MOSCOW/BEIRUT — Russia denied on Wednesday that Syrian President Bashar al-Assad was to blame for a poison gas attack and said it would continue to back him, setting the Kremlin on course for its biggest diplomatic collision yet with Donald Trump's White House.
Western countries, including the United States, blamed Assad's armed forces for a chemical attack which choked scores of people to death in the town of Khan Sheikhoun in a rebel-held area of northern Syria on Tuesday.
Washington said it believed the deaths were caused by sarin nerve gas dropped by Syrian aircraft. But Moscow offered an alternative explanation that would shield Assad: that the poison gas belonged to rebels and had leaked from an insurgent weapons depot hit by Syrian bombs.
The United States, Britain and France have proposed a draft UN Security Council resolution that would pin the blame on Damascus. Kremlin spokesman Dmitry Peskov said Russia would argue its case blaming the rebels at the United Nations.
"Russia and its armed forces will continue their operations to support the anti-terrorist operations of Syria's armed forces to free the country," Peskov told reporters.
Video uploaded to social media showed civilians sprawled on the ground, some in convulsions, others lifeless. Rescue workers hose down the limp bodies of small children, trying to wash away chemicals.

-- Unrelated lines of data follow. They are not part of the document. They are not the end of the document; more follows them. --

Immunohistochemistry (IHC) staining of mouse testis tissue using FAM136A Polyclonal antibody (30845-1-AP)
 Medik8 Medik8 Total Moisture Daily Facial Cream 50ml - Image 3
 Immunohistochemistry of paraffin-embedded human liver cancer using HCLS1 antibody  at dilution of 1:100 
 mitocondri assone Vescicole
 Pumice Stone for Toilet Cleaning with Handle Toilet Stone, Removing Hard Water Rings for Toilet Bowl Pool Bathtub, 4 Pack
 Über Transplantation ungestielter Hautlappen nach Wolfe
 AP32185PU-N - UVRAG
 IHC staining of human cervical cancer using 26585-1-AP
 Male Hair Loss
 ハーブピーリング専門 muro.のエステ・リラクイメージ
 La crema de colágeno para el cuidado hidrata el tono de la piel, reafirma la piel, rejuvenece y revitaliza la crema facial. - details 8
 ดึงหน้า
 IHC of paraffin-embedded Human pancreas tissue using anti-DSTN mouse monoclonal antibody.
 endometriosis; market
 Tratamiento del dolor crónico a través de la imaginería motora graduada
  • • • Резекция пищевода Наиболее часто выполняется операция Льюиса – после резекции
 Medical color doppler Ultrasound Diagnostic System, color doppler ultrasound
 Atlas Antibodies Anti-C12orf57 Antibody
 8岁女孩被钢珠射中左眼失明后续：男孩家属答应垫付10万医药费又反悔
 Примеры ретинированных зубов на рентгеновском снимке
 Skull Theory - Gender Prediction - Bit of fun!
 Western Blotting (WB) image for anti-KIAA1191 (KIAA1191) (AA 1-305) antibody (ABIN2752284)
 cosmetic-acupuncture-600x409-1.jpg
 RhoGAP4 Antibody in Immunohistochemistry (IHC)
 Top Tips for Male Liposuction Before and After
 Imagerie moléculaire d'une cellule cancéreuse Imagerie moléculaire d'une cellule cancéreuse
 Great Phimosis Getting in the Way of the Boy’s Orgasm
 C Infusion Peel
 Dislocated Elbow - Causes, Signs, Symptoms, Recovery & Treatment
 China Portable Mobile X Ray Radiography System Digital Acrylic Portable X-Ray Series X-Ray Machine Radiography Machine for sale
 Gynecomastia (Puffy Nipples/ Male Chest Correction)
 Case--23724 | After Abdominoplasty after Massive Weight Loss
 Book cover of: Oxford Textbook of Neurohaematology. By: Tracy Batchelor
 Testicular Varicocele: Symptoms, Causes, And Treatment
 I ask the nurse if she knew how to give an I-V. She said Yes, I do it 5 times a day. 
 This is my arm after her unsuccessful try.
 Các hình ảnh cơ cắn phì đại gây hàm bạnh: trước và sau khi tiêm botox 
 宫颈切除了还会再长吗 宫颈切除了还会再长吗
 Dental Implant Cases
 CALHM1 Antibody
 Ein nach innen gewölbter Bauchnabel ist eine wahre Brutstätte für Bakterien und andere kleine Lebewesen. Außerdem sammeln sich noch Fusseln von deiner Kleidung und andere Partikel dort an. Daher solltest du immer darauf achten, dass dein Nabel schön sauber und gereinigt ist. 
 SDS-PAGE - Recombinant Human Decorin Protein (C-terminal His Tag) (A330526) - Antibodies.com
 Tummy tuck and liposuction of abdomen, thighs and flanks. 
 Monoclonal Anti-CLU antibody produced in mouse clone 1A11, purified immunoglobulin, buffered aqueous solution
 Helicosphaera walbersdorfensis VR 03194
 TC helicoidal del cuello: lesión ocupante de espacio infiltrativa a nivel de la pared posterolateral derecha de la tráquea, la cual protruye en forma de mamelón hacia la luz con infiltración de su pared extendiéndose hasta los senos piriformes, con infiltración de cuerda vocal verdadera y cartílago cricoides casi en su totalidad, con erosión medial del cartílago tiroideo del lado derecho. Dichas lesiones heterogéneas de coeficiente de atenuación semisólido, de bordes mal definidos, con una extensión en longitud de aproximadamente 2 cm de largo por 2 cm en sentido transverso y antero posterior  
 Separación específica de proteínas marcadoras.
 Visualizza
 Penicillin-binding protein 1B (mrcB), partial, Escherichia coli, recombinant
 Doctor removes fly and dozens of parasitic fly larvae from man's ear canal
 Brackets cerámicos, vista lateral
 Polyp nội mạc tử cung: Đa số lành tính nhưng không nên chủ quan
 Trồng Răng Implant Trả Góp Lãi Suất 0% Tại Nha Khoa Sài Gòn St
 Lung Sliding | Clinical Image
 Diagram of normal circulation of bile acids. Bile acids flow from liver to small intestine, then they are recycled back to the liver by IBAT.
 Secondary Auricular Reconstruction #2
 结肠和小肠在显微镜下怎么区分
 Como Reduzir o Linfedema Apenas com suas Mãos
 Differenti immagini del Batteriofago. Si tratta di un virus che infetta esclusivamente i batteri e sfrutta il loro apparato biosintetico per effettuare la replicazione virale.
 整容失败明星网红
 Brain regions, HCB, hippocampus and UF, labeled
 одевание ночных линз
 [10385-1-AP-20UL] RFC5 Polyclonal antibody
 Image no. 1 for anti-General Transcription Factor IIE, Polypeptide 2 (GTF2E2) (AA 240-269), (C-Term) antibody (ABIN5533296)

People wail and pound on the chests of victims.
The World Health Organization said the symptoms were consistent with exposure to a nerve agent.
Hasan Haj Ali, commander of the Free Idlib Army rebel group, called the Russian statement blaming the rebels a "lie" and said rebels did not have the capability to produce nerve gas.
"Everyone saw the plane while it was bombing with gas," he told Reuters from north western Syria. "Likewise, all the civilians in the area know that there are no military positions there, or places for the manufacture (of weapons)."
The incident is the first time Washington has accused Assad of using sarin since 2013, when hundreds of people died in an attack on a Damascus suburb. At that time, Washington said Assad had crossed a "red line" set by then-President Barack Obama.
Obama threatened an air campaign to topple Assad but called it off at the last minute after the Syrian leader agreed to give up his chemical arsenal under a deal brokered by Moscow, a decision which Trump has long said proved Obama's weakness.
The new incident means Trump is faced with same dilemma that faced his predecessor: whether to openly challenge Moscow and risk deep involvement in a Middle East war by seeking to punish Assad for using banned weapons, or compromise and accept the Syrian leader remaining in power at the risk of looking weak.
Trump described Tuesday's incident as "heinous actions by the Bashar al-Assad regime", but also faulted Obama for having failed to enforce the red line four years ago. Obama's spokesman declined to comment.
The draft UN Security Council statement drawn up by Washington, London and Paris condemned the attack and demanded an investigation. Russia has the power to veto it, which it has done to block all previous resolutions that would harm Assad, most recently in February.
France's foreign minister said the chemical attack showed Assad was testing whether the new US administration would stand by Obama-era demands that he be removed from power.
"It's a test. That's why France repeats the messages, notably to the Americans, to clarify their position," Jean-Marc Ayrault told RTL radio. "I told them that we need clarity. What's your position?"
Trump's response to a diplomatic confrontation with Moscow will be closely watched at home because of accusations by his political opponents that he is too supportive of Russian President Vladimir Putin.
He has previously said the United States and Russia should work more closely in Syria to fight against ISIS.
US intelligence agencies say Russia intervened in the US presidential election last year through computer hacking to help Trump defeat Hillary Clinton. The FBI and two congressional committees are investigating whether figures from the Trump campaign colluded with Moscow, which the White House denies.
The chemical attack in Idlib province, one of the last major strongholds of rebels that have fought since 2011 to topple Assad, complicates diplomatic efforts to end a war that has killed hundreds of thousands of people and driven half of Syrians from their homes.
Over the past several months Western countries, including the United States, had been quietly dropping their demands that Assad leave power in any deal to end the war, accepting that the rebels no longer had the capability to topple him by force.
The use of banned chemical weapons would make it harder for the international community to sign off on any peace deal that does not remove him.
British Foreign Secretary Boris Johnson, who two months ago shifted his country's policy by saying Assad could be allowed to run for re-election, said on Wednesday that he must go.
"This is a barbaric regime that has made it impossible for us to imagine them continuing to be an authority over the people of Syria after this conflict is over."